• EXERCISE GOAL
Within the records below, find the line with "spring-data-reactive-mongodb-crud-example-vinsguru" and the line with "-顺德南宏海立方海洋公园", then reproduce exactly those two lines and all lines between them, without any picture.

• DATA FOR THE TASK
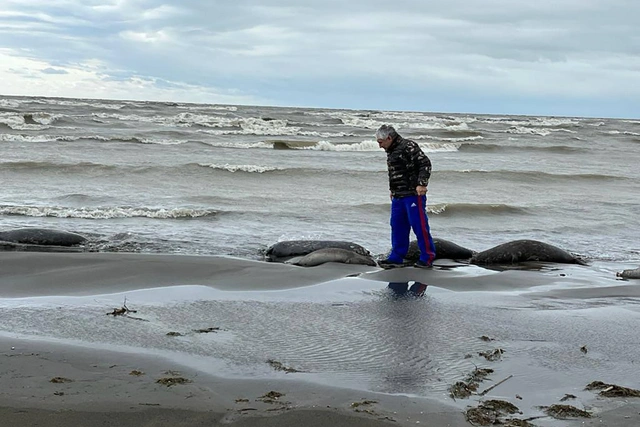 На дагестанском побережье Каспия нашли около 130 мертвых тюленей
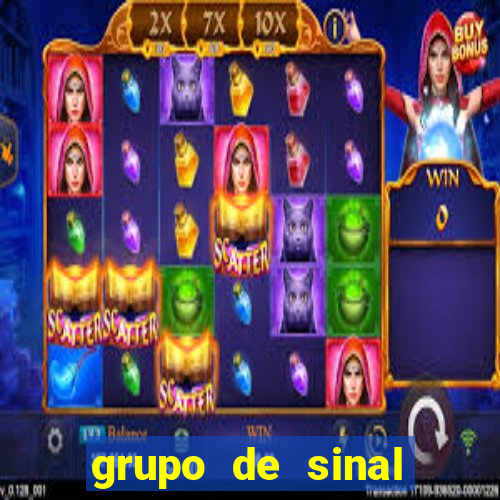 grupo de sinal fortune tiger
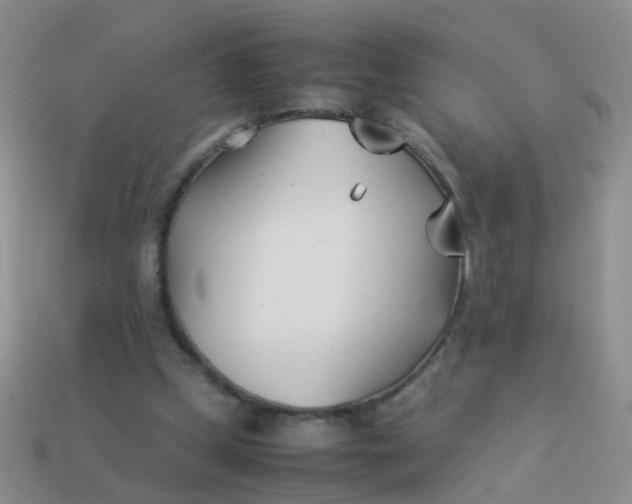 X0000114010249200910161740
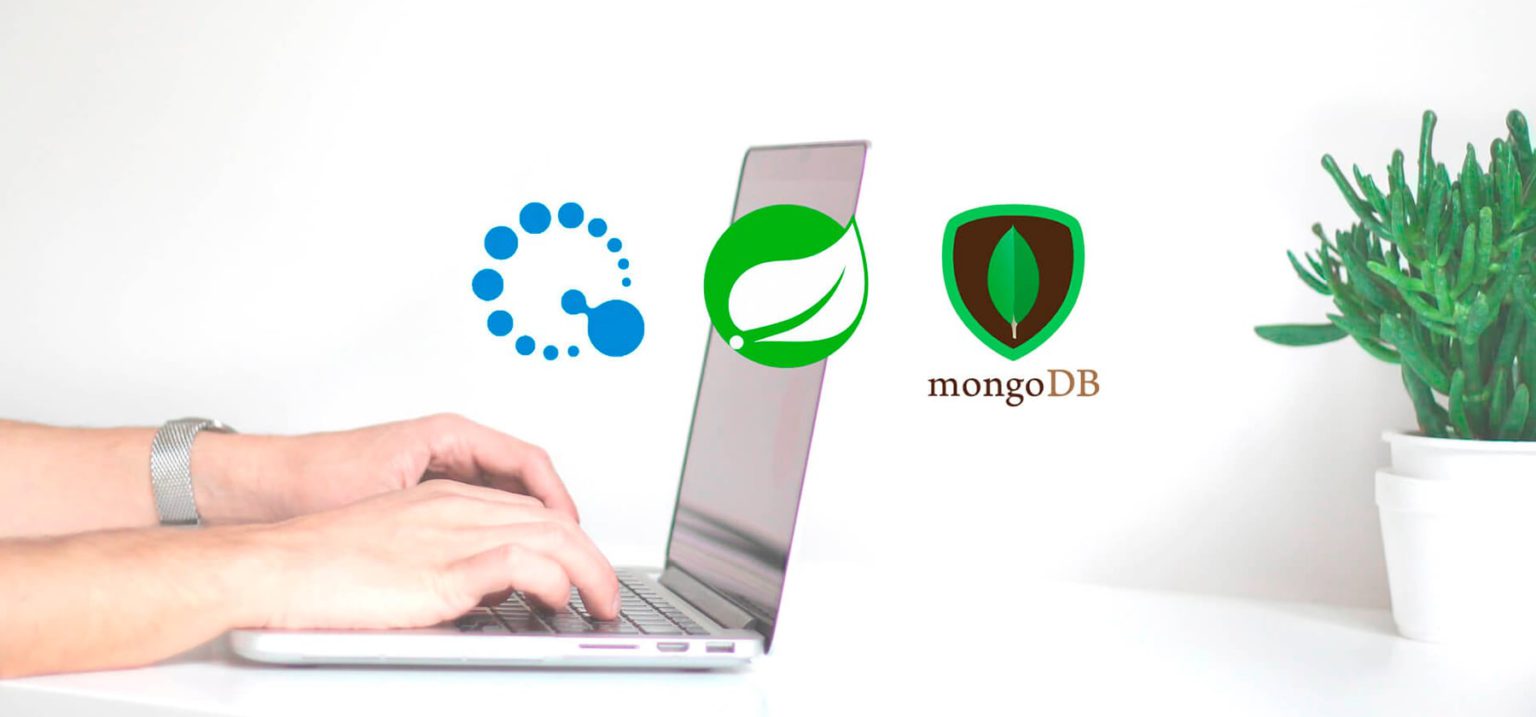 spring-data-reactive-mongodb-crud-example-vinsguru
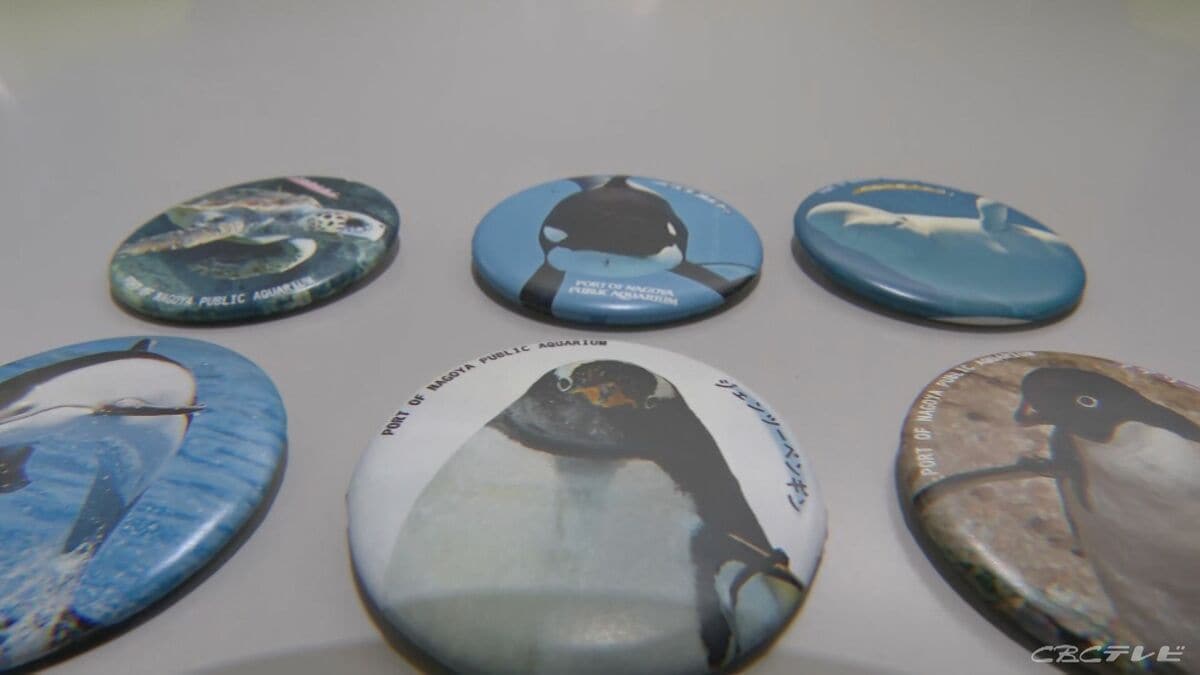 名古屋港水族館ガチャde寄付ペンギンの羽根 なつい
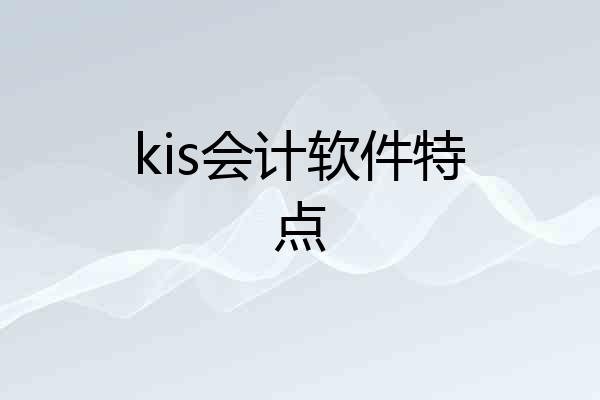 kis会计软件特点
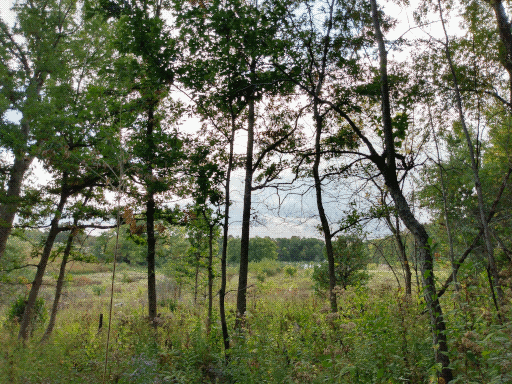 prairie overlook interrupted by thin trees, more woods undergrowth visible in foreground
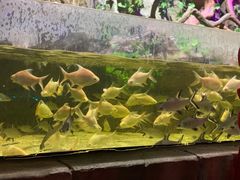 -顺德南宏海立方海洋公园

---

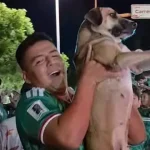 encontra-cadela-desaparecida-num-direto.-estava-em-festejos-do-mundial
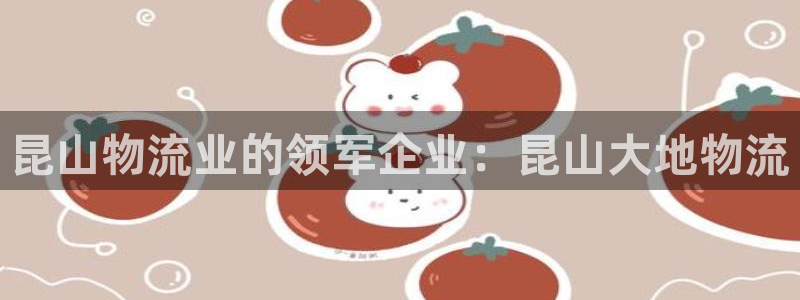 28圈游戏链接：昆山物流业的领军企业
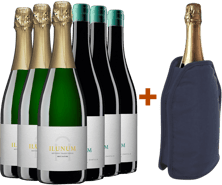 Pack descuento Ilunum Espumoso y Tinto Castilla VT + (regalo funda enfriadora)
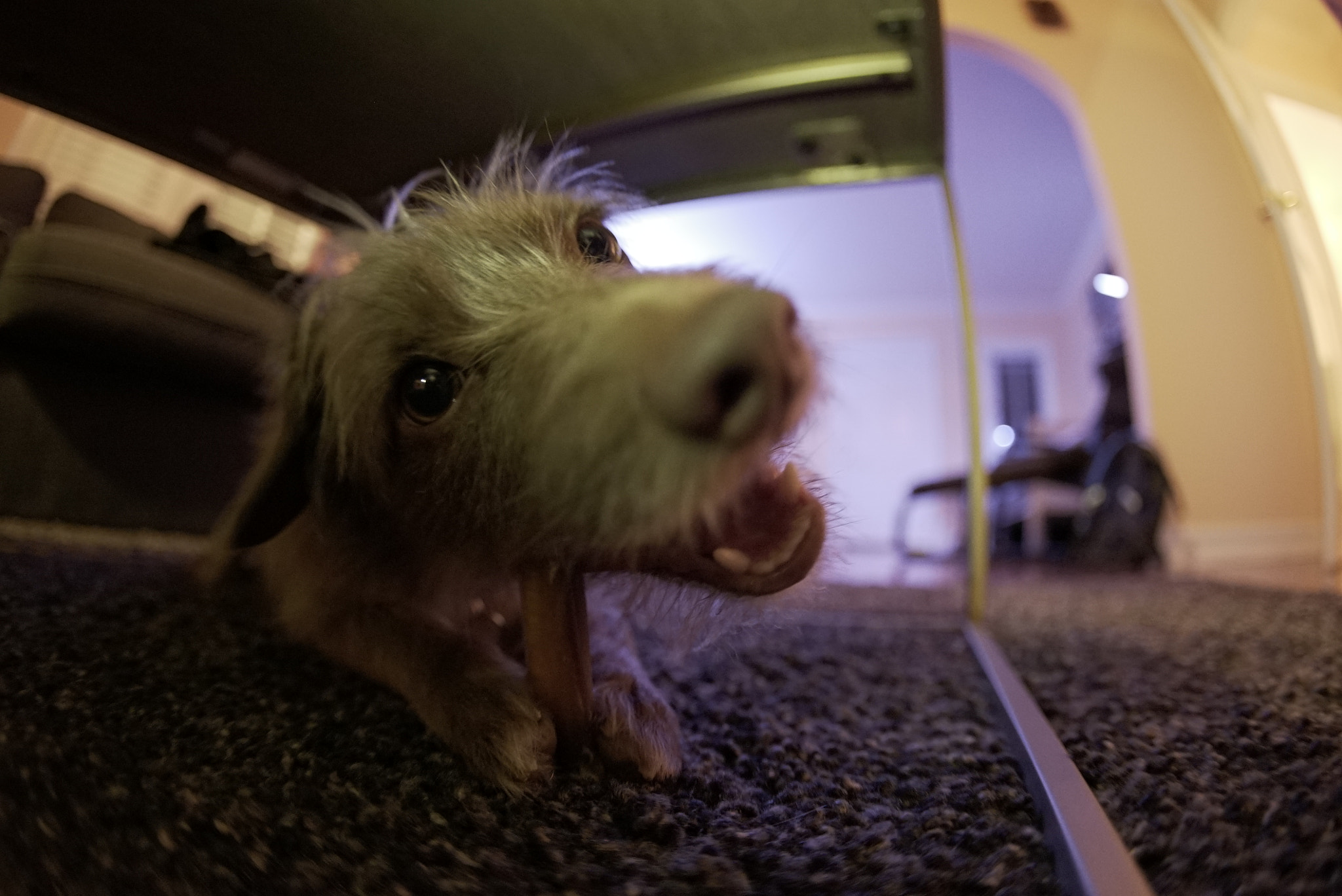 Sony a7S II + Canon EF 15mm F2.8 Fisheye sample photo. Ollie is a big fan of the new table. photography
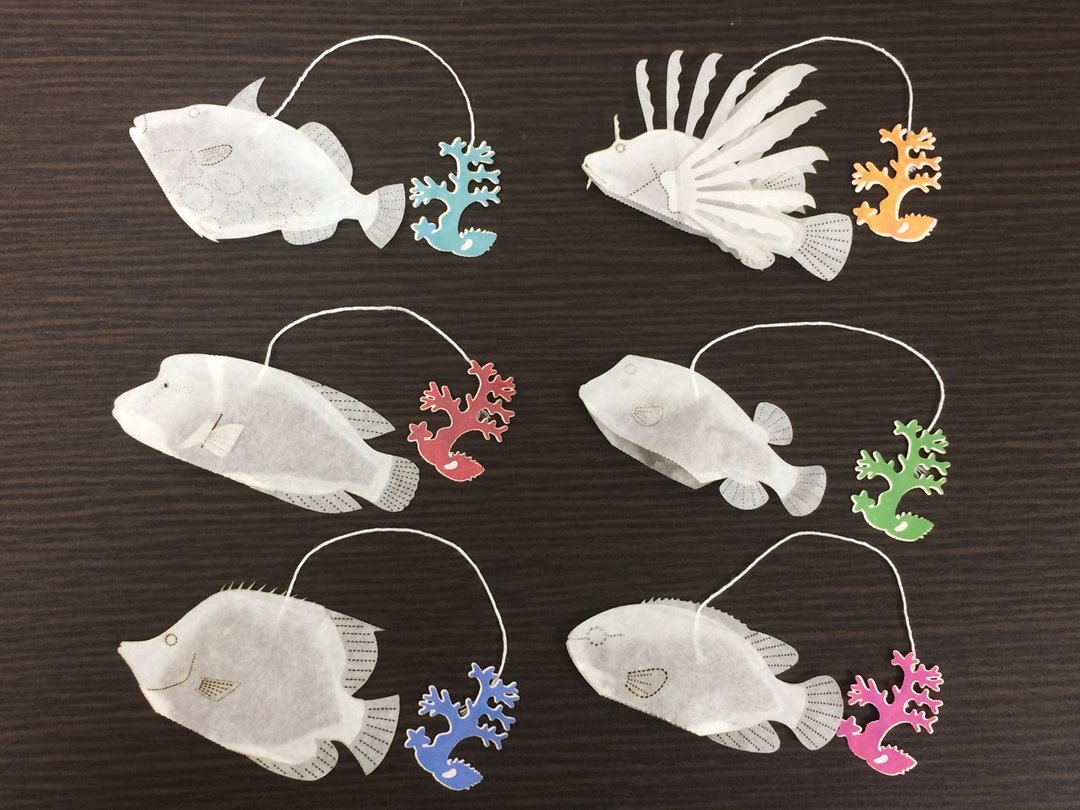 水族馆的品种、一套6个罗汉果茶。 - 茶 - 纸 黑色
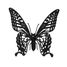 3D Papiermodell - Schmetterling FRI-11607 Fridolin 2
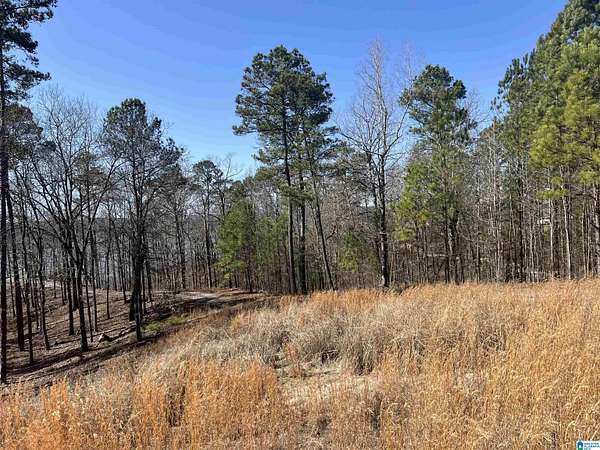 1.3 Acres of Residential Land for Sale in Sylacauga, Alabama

• SOLUTION FOR THIS PROBLEM
 spring-data-reactive-mongodb-crud-example-vinsguru
 名古屋港水族館ガチャde寄付ペンギンの羽根 なつい
 kis会计软件特点
 prairie overlook interrupted by thin trees, more woods undergrowth visible in foreground
 -顺德南宏海立方海洋公园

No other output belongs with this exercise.